Die Werbung ist wohl tatsächlich nicht allzulange im Fernsehen gelaufen. Angeblich, weil sich so viele Zuschauer*Innen beschwert hätten.
Massenweise sollen sie angerufen und von einem quälenden Gefühl berichtet haben. Eine große Menge der Anrufenden habe sich vor allem über die Musik empört.
Aber was wurde da gesungen?
NATÜRLICH konnte man da ganz eindeutig einen Deutschen Fluch hören!
Die Zuhörer*innen sagten, sie haben ganz genau gehört, wie jemand folgendes auf Deutsch gesungen habe:
"stirb, stirb, jeder ist verflucht und wird sterben".
Feine deutsche Dichtkunst. Ich konnte weder einen alten Fluch noch ein Lied mit solch stumpfem Text finden.
Und manche, die nachts noch vorm Fernseher hingen, berichteten, dass sich der Spot nach Mitternacht verändere! Das Oger Baby sei grün, oder blau, die singende Frau würde wie eine alte Frau klingen..solche Sachen.
Ebenso soll es sich verändern, wenn man es aufnimmt, aber da konnte ich bei den Beschreibungen nicht ganz nachvollziehen, was damit gemeint ist. Auf VHS aufnehmen? Oder mit der Kamera den Bildschirm abfilmen? Ich brauch da ne konkrete Anleitung, Leute so wird das nix mit der optimalen Verfluchungs-Experience!
Ich hab das Video nach Mitternacht bei Youtube gesehen und keine Veränderung bemerkt. Vielleicht liegt es aber an dem Medium Youtube? Andere haben sogar ECHTE Videos davon machen können, wie sich das alles vor ihren Augen und Kameras verändert habe!
grandios oder? Das ist ein bisschen wie beim Windows 98 Movie maker ein mal alle Filter durchprobieren.
Der rötliche Hintergrund soll auch nicht einfach nur in diesem klassischen 80er Jahre Umbra /Terra Kotza gefärbt, sondern natürlich mit Blut gemalt worden sein. Und die Seelen derer, deren Blut dafür vergossen wurde, sollen nun diejenigen bespuken, die das Video sehen oder es kreiiert haben.
Das wird auch der Grund dafür ein, dass jeder der an der Produktion des Werbevideos beteiligt war, schwer krank wurde oder sogar auf seltsame Weise verstarb!
Der Kameramann dieses Videos soll z.B unter nicht geklärten Umständen an einer Fehlfunktion in der Sauna gestorben sein! (Tod oder drohender Tod durch Sauna ist auch ein klassisches Movie Trope. Kinder, wenn ihr mal in einer Sauna eingesperrt seid, legt euch auf den Boden.)
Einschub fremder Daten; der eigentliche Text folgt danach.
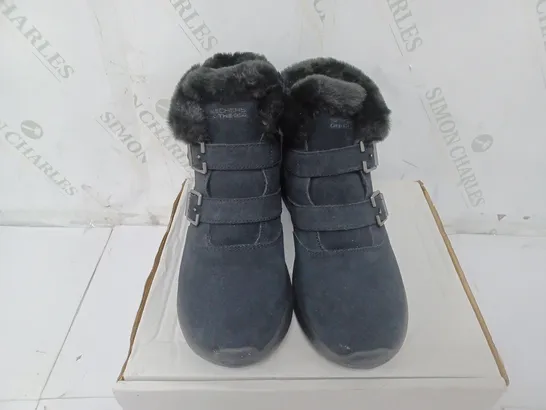 BOXED PAIR OF SKECHERS WINTER ON THE GO FAUX FUR TRIM BOOTS IN BLACK SIZE 5.5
Das Kind, dass das Dämonenbaby gespielt hat, soll ebenfalls unter myyysteriösen Umständen kurz darauf gestorben sein. (ein erneutes TV Trope, dass die Haut atmen müsse und man sonst erstickt, sei das Baby, komplett angemalt, daraufhin gestorben..quatsch)
https://www.snopes.com/fact-check/goldfinger-actress-death/Die Schauspielerin der Frau (Keiko Matsuzaka) wurde angeblich nach dem Dreh schwanger und habe daraufhin den Verstand verloren.
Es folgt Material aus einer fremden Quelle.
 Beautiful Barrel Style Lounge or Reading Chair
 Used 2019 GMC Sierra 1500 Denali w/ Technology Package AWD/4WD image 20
OOOder und da weichen die Berichte "etwas" voneinander ab: sie soll ein ECHTES Dämonenbaby geboren haben, durch welches sie dann umgebracht wurde.
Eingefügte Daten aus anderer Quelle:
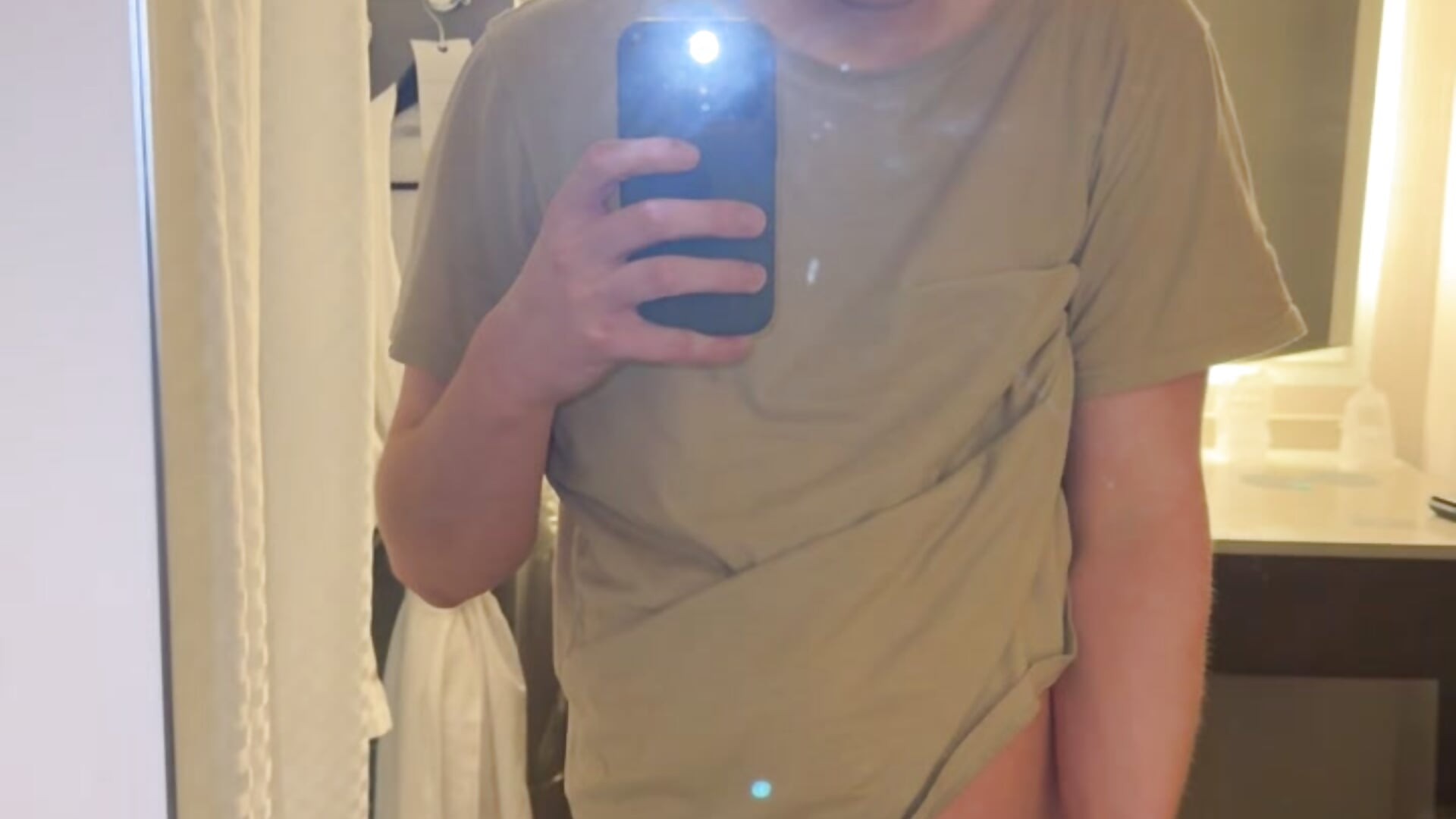 jerking my bwc in the mirror - vidéo du modèle de showcams Novvikk88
Und da sind wir bei einer spannenden Thematik: dem japanischen Dämonenbaby-Mythos des Sankai
Der Sankai ist eine Form des Yōkai (yoo-kai), Yōkai ist ein Sammelbegriff für verschieden Arten von Geistern, Phantomen, aber auch dämonen-ähnlichen Wesen.
Sankai bedeutet grob übersetzt: Geburtsmonster. Süß.
Wenn eine Schwangere, so heißt es, während der Schwangerschaft nicht genug um den Fötus kümmert, wobei ich sagen muss, dass ich nicht herausfinden konnte was gemeint ist, ich kann nur raten, dass es in Richtung: Rauchen, Trinken während der Schwangerschaft geht, oder vielleicht auch das verdrängen der Schwangerschaft an sich?
Also wenn sie dem nicht genug Beachtung schenkt, dann gebärt sie statt eines Babys einen Sankai. Davon gibt es, je nach Präfektur Japans, verschiedene Varianten.
Sie sehen entweder aus wie haarige Schildkröten oder auch einfach wie ein mit Haaren bedeckter Fleischklumpen. Doch eins haben sie gemeinsam. Sobald sie geboren sind, machen sie sich schleunigst aus dem Staub und klettern unter das Haus der Schwangeren, in den crawl space, um sie dann bei der nächsten Gelegenheit umzubringen.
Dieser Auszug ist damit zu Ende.